● Records from a data source:
↓↓↓

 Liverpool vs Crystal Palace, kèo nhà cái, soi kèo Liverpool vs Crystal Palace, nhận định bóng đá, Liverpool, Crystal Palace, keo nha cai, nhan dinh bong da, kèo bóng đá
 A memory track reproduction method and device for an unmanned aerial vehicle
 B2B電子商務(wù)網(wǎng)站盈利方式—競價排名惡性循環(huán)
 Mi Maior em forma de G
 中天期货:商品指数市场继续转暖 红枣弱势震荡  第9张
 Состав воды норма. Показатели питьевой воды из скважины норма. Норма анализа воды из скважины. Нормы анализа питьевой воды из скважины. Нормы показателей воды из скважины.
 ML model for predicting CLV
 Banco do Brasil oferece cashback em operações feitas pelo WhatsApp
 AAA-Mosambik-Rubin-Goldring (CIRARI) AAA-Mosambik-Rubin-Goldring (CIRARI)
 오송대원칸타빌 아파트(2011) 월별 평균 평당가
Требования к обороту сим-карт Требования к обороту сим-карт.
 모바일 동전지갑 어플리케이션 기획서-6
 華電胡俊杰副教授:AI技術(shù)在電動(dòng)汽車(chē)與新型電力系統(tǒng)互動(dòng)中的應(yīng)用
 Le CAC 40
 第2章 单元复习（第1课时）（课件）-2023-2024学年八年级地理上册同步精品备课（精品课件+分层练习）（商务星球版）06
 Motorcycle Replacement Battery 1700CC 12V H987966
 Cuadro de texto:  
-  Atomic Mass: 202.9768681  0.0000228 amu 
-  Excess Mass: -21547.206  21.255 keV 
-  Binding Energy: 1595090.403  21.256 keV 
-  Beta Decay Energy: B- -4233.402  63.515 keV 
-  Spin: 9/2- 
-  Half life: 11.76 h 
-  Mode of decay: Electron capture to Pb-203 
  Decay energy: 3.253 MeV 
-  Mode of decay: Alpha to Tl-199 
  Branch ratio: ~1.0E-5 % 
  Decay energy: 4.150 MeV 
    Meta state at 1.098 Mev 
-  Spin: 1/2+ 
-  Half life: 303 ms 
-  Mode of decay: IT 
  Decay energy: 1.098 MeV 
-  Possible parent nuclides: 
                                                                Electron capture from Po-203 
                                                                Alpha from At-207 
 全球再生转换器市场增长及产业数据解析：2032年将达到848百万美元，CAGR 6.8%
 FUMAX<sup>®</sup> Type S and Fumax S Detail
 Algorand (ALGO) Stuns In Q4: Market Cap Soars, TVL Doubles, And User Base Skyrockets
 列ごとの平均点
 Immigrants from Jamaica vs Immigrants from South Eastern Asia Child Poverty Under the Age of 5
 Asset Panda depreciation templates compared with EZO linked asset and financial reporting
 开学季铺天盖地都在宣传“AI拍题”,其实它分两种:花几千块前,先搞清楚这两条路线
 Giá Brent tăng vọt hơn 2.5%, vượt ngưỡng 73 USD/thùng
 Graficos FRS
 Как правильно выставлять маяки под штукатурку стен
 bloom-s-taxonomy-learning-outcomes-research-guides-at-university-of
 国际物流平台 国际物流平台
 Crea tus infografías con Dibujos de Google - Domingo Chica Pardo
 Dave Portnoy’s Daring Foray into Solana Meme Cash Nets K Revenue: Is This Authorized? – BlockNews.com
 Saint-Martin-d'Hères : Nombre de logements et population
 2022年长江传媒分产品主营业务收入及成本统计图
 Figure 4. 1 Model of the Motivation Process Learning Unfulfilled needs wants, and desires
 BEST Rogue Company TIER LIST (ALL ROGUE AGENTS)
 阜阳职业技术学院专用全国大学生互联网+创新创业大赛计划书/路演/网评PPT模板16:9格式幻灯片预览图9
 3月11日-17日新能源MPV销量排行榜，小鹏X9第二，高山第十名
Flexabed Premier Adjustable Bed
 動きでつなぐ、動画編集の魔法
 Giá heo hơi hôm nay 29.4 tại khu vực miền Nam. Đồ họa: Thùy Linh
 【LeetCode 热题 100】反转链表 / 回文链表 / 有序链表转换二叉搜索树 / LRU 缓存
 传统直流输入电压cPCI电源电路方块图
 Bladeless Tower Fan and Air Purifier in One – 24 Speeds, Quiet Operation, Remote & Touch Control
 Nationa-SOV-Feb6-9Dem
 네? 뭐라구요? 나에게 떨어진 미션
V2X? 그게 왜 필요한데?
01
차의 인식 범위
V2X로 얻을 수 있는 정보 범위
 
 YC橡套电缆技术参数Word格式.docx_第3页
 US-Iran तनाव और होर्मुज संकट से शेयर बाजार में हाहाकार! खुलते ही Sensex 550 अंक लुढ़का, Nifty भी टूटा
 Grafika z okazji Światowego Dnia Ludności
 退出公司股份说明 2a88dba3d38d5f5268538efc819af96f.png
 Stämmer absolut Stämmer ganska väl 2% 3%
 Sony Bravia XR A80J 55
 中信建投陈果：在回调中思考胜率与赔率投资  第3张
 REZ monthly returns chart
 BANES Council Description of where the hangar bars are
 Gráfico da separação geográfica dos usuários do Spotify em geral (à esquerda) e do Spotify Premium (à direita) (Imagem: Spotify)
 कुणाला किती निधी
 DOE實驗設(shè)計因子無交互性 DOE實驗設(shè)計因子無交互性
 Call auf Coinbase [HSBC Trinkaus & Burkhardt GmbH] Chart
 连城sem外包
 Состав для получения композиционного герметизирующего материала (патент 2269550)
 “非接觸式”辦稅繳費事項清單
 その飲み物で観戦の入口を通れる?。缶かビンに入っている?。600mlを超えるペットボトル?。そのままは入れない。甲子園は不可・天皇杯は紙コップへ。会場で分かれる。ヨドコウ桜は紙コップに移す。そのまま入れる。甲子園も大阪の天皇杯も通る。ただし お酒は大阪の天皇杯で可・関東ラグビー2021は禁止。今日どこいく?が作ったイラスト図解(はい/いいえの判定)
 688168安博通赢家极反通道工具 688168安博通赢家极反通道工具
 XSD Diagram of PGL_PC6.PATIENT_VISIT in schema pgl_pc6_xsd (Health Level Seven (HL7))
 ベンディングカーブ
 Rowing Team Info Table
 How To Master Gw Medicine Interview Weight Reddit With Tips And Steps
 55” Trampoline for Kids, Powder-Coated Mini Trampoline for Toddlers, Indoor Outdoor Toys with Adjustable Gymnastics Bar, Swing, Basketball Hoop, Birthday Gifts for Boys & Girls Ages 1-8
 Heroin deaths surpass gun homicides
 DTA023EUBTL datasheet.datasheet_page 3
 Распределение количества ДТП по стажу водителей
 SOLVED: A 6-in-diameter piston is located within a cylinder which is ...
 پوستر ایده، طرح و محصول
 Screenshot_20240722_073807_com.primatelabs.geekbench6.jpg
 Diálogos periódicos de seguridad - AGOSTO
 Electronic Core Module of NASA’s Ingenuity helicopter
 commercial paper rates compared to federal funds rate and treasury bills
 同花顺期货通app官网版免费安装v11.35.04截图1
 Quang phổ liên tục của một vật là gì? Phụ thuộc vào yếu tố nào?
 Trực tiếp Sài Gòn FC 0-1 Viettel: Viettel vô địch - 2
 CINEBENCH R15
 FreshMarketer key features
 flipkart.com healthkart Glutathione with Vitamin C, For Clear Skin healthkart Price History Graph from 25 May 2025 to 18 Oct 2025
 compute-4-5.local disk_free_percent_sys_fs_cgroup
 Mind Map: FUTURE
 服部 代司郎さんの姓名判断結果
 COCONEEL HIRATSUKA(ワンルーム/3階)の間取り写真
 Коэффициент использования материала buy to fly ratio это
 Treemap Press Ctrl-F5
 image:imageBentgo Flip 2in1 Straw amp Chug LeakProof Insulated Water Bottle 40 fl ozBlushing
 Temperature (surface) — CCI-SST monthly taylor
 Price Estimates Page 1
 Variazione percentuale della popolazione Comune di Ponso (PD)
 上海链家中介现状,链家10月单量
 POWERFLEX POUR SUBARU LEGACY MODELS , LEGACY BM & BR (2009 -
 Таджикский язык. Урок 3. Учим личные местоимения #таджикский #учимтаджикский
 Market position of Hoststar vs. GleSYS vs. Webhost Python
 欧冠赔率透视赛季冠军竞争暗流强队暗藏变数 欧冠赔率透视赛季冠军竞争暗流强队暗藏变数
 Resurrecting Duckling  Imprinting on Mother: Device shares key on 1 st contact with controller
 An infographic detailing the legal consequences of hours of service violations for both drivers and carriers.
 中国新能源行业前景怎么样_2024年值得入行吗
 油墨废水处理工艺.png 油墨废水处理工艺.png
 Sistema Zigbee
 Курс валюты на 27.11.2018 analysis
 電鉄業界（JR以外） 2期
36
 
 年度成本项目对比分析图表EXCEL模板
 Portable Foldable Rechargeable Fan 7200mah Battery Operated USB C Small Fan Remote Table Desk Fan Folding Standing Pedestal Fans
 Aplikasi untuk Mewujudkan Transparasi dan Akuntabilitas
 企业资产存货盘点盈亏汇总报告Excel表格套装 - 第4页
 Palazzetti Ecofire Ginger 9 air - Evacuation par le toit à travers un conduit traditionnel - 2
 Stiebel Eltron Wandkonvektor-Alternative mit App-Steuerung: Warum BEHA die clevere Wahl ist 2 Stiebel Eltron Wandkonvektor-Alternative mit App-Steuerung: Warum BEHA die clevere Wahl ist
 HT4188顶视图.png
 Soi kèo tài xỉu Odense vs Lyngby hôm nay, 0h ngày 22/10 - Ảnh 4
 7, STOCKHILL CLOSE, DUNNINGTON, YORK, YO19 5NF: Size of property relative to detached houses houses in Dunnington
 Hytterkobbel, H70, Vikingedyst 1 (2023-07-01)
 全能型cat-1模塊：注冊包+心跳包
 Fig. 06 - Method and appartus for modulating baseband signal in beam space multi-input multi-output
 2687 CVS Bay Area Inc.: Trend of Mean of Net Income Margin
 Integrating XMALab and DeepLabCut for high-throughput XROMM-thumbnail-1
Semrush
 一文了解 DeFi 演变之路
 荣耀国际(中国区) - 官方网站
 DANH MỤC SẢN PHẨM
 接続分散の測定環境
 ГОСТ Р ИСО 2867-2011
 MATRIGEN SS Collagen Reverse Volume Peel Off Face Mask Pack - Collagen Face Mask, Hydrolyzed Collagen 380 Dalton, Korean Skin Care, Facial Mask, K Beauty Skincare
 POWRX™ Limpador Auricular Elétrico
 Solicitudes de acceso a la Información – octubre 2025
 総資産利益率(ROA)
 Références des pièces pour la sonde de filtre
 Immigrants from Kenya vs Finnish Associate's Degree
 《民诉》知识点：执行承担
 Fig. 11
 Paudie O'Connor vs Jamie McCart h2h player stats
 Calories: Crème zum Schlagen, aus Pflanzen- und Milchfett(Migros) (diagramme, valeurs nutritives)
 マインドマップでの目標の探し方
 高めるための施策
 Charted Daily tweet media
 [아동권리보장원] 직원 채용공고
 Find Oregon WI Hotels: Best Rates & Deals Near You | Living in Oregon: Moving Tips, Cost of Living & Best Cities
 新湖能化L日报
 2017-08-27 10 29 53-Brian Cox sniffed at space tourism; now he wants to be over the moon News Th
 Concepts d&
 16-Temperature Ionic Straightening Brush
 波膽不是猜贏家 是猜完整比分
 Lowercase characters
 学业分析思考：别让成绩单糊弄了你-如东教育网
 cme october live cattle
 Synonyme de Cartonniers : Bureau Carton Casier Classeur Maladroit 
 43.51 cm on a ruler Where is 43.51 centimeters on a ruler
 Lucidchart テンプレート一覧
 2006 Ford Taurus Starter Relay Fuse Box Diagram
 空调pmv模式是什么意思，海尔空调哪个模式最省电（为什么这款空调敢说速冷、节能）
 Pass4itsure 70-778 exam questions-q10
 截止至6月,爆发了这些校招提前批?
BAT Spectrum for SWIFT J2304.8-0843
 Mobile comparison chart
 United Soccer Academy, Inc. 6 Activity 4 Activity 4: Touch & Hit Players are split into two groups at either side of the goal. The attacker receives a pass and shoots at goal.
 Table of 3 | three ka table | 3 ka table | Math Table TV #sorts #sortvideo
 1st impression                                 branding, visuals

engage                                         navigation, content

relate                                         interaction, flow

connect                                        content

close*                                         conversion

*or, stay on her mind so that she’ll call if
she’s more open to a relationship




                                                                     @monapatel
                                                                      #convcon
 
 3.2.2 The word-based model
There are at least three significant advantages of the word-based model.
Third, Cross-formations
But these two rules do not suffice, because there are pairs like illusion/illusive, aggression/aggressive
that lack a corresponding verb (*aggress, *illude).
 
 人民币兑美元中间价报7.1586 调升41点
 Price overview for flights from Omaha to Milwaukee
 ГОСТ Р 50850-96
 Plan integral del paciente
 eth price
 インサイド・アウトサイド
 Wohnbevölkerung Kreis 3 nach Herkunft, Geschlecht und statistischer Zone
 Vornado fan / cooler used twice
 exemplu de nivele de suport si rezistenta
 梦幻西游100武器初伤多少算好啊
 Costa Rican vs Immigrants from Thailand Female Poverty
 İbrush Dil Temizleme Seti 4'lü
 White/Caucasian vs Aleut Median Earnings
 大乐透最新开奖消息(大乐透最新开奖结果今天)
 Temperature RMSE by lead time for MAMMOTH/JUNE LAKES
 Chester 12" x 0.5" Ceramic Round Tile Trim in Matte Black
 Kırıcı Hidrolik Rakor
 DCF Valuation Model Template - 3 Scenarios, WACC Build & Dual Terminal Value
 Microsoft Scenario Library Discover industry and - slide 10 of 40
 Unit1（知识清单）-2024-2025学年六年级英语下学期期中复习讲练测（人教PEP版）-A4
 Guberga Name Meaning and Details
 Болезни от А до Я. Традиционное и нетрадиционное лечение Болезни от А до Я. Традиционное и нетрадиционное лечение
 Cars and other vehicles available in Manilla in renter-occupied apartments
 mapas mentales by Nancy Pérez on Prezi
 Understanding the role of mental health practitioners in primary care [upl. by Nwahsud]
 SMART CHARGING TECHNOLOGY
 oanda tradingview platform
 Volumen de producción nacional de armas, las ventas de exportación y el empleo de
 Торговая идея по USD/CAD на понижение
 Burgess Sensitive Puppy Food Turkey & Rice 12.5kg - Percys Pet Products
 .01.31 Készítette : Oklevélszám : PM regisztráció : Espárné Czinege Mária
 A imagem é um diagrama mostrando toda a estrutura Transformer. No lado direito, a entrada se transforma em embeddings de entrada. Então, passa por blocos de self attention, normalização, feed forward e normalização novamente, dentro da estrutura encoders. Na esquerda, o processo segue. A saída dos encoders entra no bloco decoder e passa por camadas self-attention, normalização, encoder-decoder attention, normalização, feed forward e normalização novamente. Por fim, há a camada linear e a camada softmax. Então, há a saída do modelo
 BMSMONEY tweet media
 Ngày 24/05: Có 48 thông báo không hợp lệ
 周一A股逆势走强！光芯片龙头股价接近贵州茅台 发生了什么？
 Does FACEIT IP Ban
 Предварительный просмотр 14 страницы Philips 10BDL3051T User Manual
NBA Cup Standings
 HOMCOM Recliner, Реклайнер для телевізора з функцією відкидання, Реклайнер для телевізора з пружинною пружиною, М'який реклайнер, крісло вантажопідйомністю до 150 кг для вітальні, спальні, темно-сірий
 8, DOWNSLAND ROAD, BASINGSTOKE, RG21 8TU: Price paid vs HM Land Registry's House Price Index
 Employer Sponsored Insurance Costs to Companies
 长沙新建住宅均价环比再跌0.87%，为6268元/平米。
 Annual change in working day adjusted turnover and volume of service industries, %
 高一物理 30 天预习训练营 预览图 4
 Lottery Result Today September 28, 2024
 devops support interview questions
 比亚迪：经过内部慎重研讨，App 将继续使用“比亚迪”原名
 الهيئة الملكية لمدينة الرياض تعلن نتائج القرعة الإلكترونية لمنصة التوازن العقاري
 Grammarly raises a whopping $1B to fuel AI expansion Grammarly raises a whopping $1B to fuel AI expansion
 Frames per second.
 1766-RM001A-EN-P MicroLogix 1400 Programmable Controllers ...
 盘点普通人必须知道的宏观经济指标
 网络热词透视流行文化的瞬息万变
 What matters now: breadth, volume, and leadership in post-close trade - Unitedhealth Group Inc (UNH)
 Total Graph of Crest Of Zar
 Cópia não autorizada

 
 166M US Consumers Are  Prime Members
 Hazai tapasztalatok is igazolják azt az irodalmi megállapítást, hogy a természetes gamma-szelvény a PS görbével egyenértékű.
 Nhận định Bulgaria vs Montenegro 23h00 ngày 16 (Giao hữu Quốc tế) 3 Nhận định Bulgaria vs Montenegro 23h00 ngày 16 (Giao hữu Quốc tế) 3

↑↑↑

● To do: Search the entries above for "questions". Show every line that has it.

● Response below:
 Pass4itsure 70-778 exam questions-q10
 devops support interview questions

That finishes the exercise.